Lawmakers must fill comp system’s hole
OKLAHOMA’S workers’ compensation court offers endless examples of why the state needs a new way to deal with claims filed by injured workers.
A Midwest City firefighter was awarded $15,100 last month for a knee injury. Was he injured lugging a hose to a blaze? Mounting or dismounting a fire truck? Carrying someone from a burning building? No. His knee locked up while he was digging out a gopher hole in his backyard.
Why was this case in workers’ comp court? The firefighter and his attorneys said he had first hurt the knee while running on a treadmill at work eight months earlier. More than one judge bought this argument.

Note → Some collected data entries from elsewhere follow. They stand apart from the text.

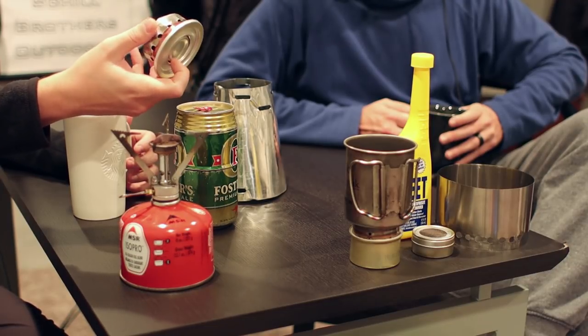Andy's first stove was a Snow Peak titanium canister stove. After that, his second stove — which is still his go-to — was the Trail Designs Caldera system. You can still buy them. The cone itself is aluminum, basically made from a beer can, and it doesn't break, which is why he's still using it.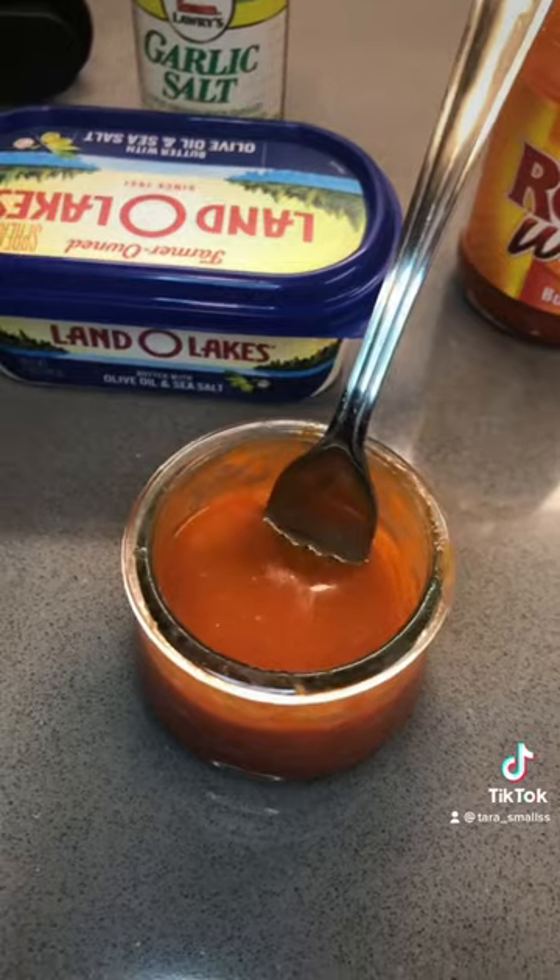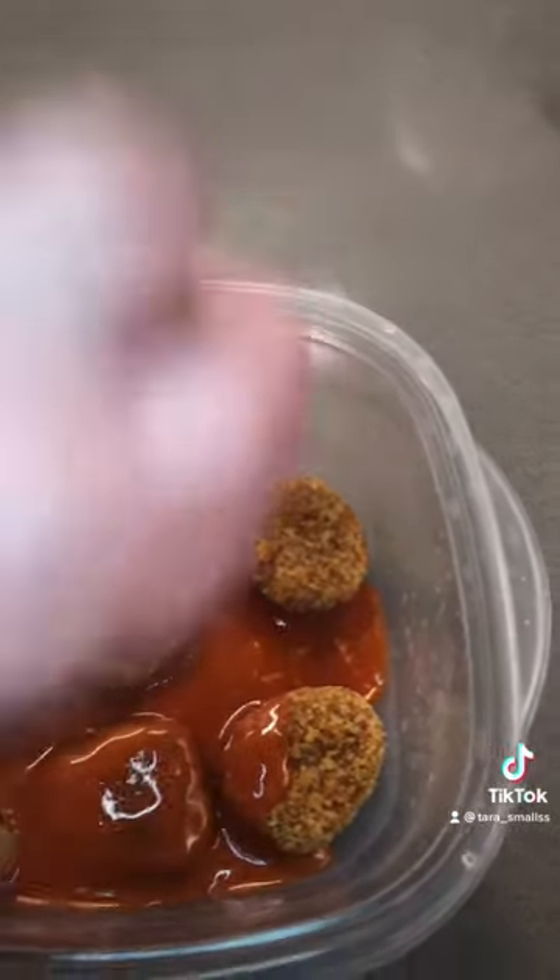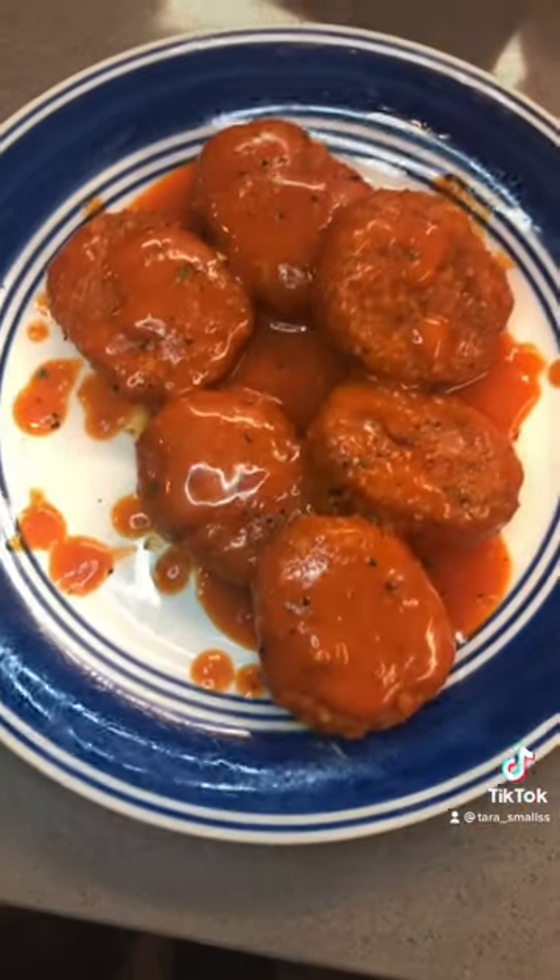Now we're going to toss the wings in it. We're going to pour in our sauce. Ideally, I would actually close this and kind of shake them up, but I'm trying to show. So let's plate these beauties up. And there you have it — I like to top it with a little garlic salt and lemon pepper. Enjoy!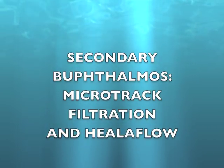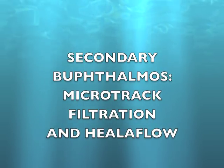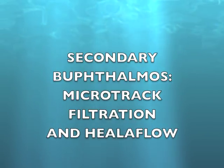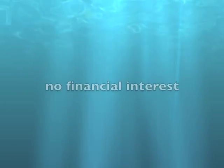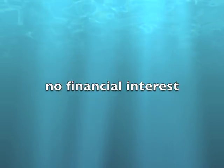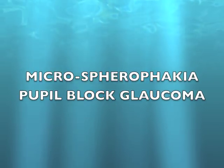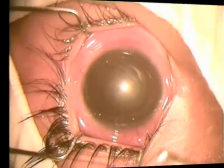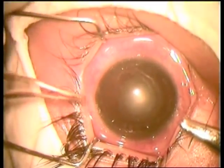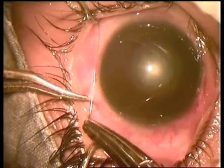Secondary buphthalmos microtrack filtration using Helaflo. The patient presented with microspherophagia and pupil block. The eyeball is fixed using two episcleral sutures.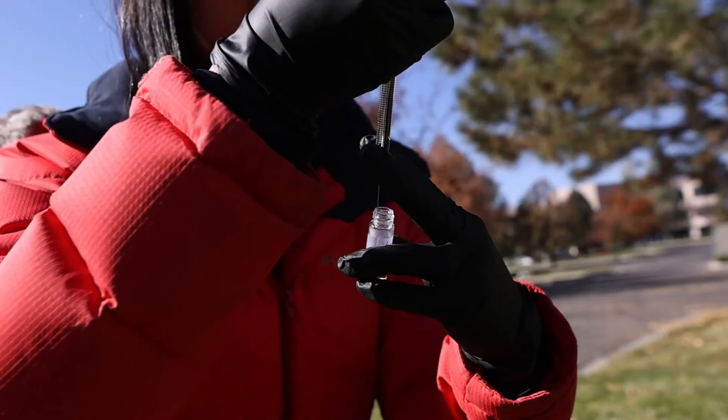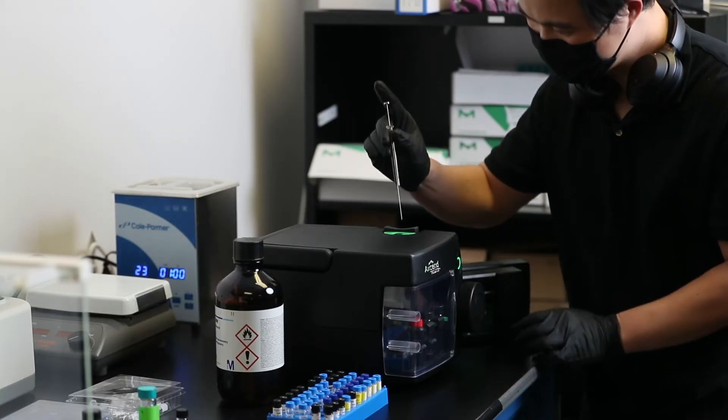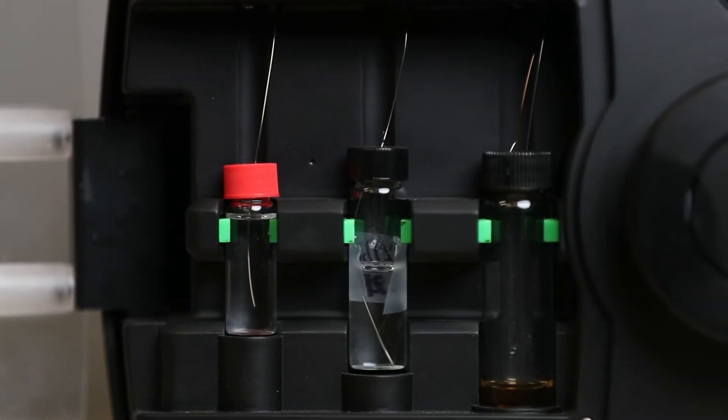For single sample analysis or true field use, there is a protected injection port on the top of the instrument. Alternatively, for multiple successive runs in the lab, the injection valve can be plumbed directly to and integrated with any number of sample handling systems.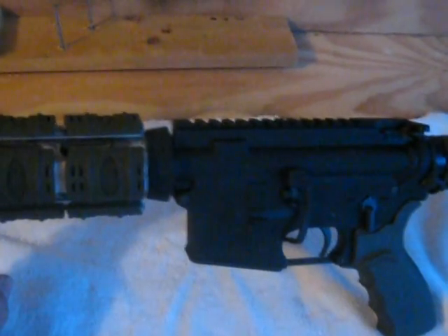I added the BAD Lever and also the Magpul Ambi ASAP.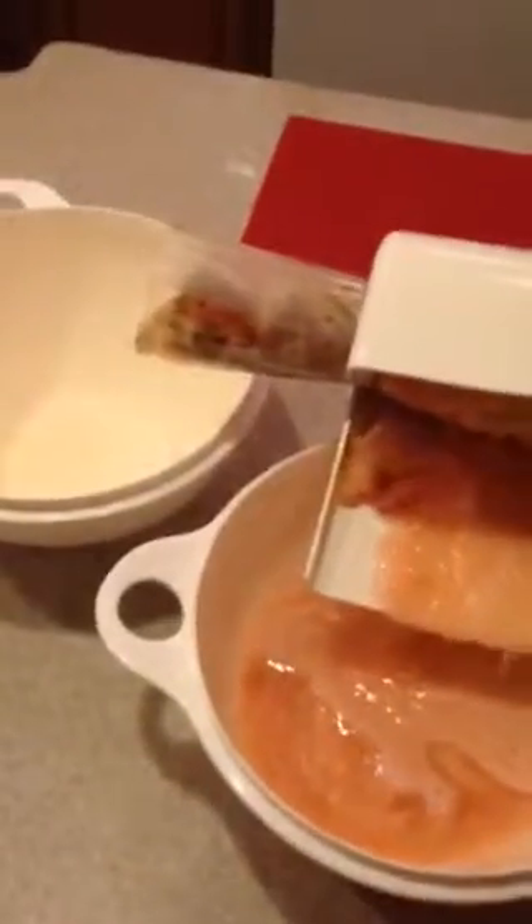And if you keep on turning this, look at how much apple you can make in five minutes. It will be done in three minutes.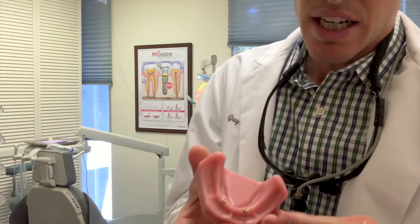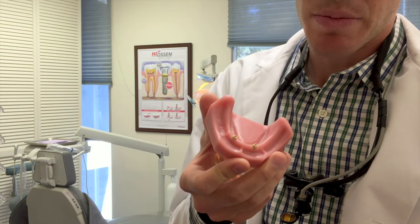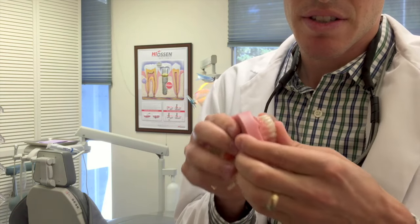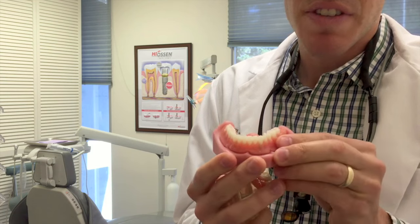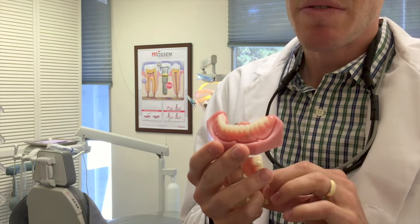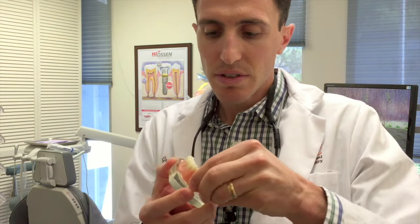As you can see, there are two different locator attachments that connect to the bottom of the denture, and this snaps into place and is very sturdy — a great way to do it. However, you can get even stronger support another way, which is a bar.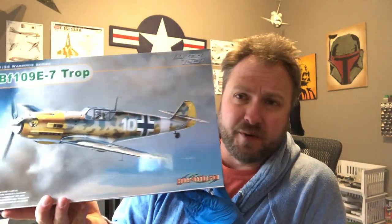Today we're going to paint the 1/32nd scale Cyber Hobbies BF 109 E7 Tropo. I was going to do a video build on this, but I found that Will Pattison had done an extremely thorough build review of basically the same kit — his was the Dragon Hobbies BF 109 E4, but it's basically the same kit with a few minor changes, and it's made by Dragon Hobbies apparently.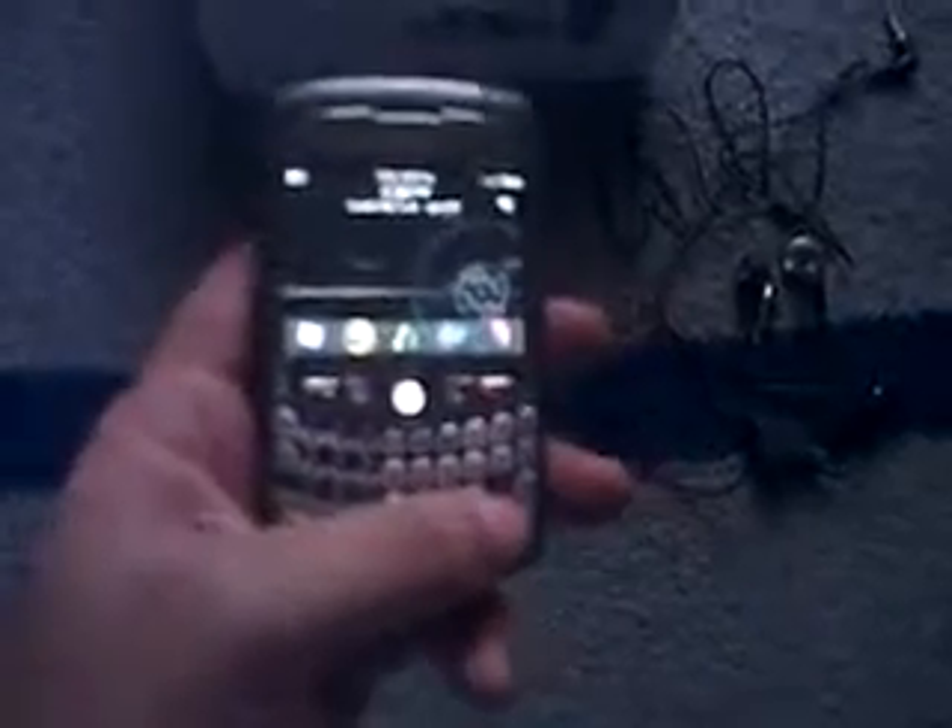That's about it. I just wanted to give you a small sample of what this phone is and what it does. I hope you enjoyed the video. Thank you very much for watching.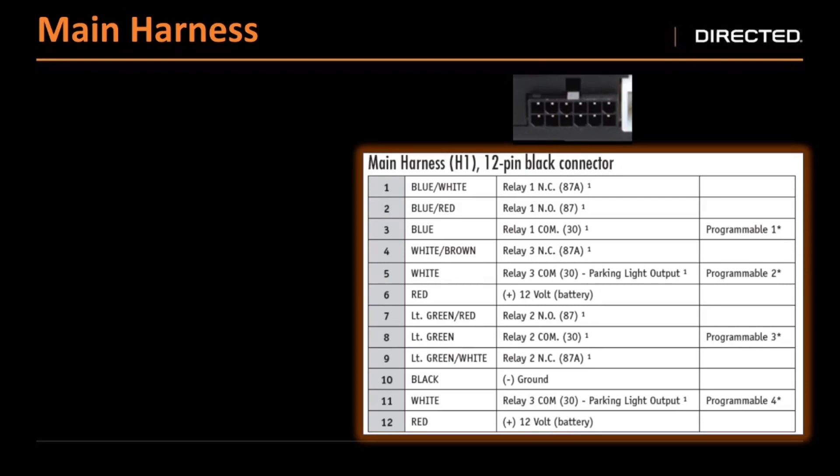The first plug is our main 12 pin connector. This has our main power and ground in it; it also has three relays. We can configure these relays for the firmware to control the vehicle, or you can configure them for whatever you want if not used in the firmware. You're going to have to make sure that whatever you're controlling, you have the right polarity going into the relay. For relay one, you have blue white, blue, blue red — that is 87A, 87, and 30 of the internal relay. If you're using the blue wire to control positive parking lights, you would need to make sure your blue red is on 12 volts constant so it has 12 volts of input when that relay triggers.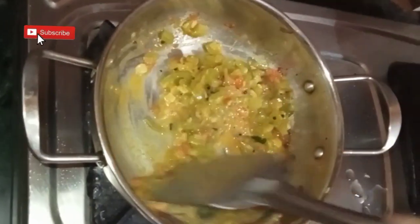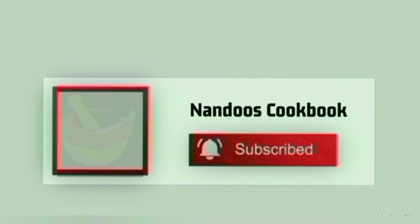Try out this simple recipe. Hope you liked my video. Thank you for watching — please like, share, and subscribe to this cookbook for more videos.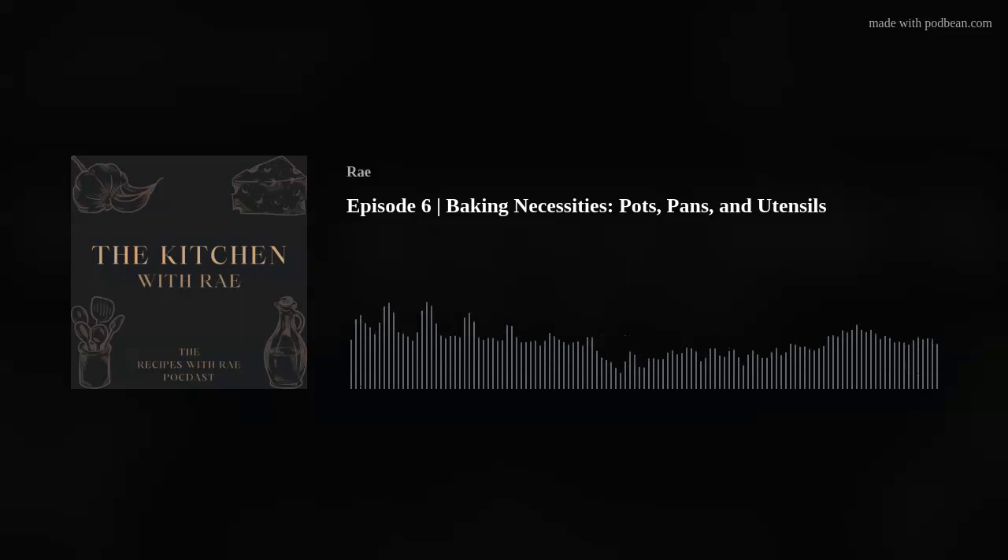Hi there, I'm Rae and this is The Kitchen. In episode four, we talked about baking essentials — the ingredients that I keep on hand that would be great for you to keep on hand, covering the bases for the majority of basic things that you can bake.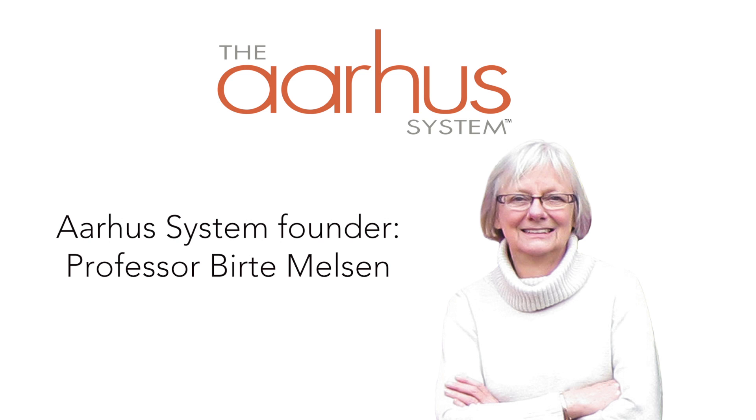Hello, I'm Julie Lindman, product manager at American Orthodontics, and today I'm going to give you an overview of the Aarhus system of mini implant screws. The Aarhus system was developed by Professor Birte Melsen, one of the most recognized and respected names in orthodontics.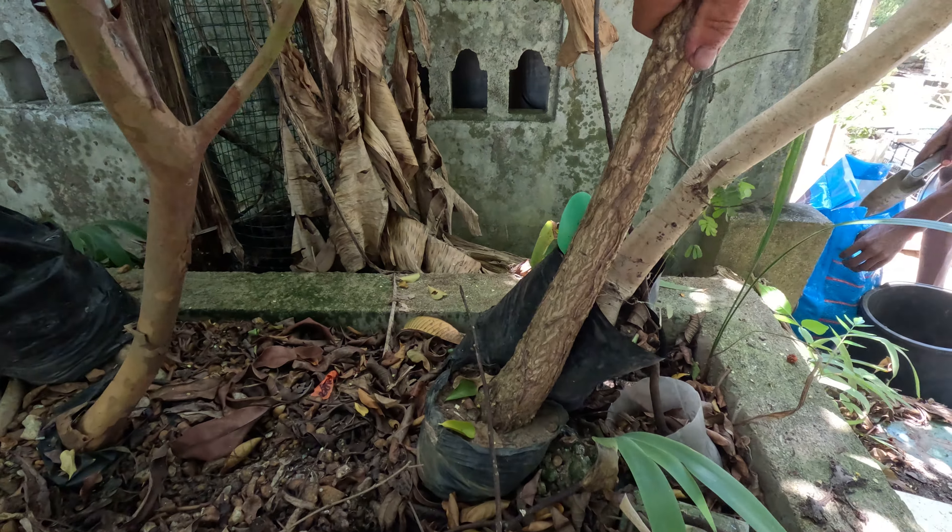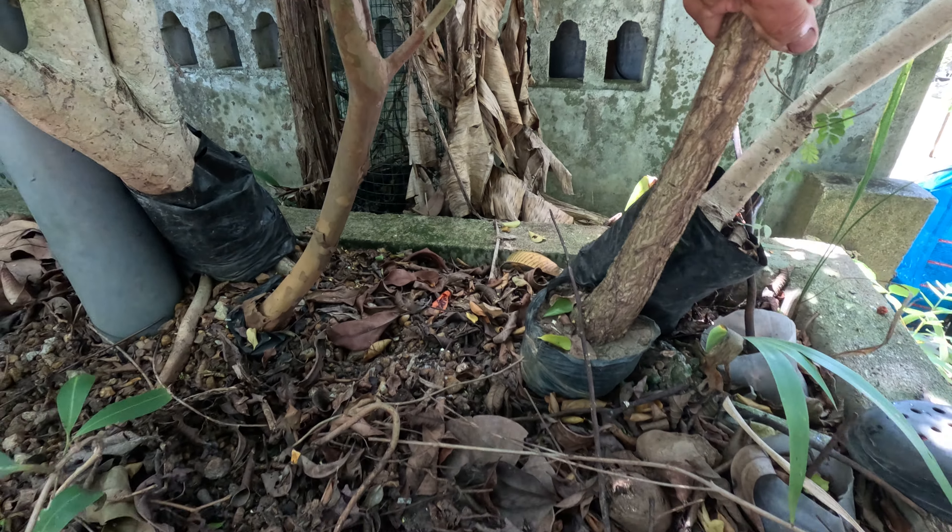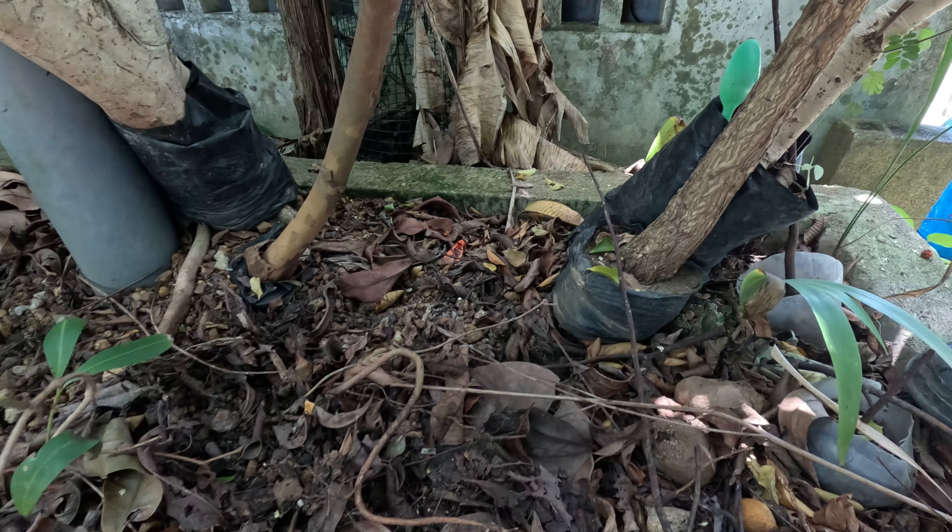Let's see if I can uproot either of these trees. Intertwined roots everywhere.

Oklahoma’s workers’ comp system has gone to seed, fertilized through the decades by a handful of specialty law firms and a few high-profile comp attorneys who ensure that cases like the firefighter’s go forward. Most of the real work is done by secretaries and paralegals.
The state has a problem when a firefighter exercising on a treadmill tweaks his knee, reports it to his supervisors, then goes about his business as usual for eight months — until his knee gives him trouble while doing something else. Only then does he decide that the injury is work-related.
We have a problem when a worker falls off a ladder on a Monday morning and says his spill had nothing to do with the fact that he’d been using meth during the weekend. Or when a woman who is told she needs knee surgery decides the best way to pay for it is to claim she got hurt on the job. The state has a problem when, instead of telling these people that they’re straining credibility, attorneys say, “See you in court!”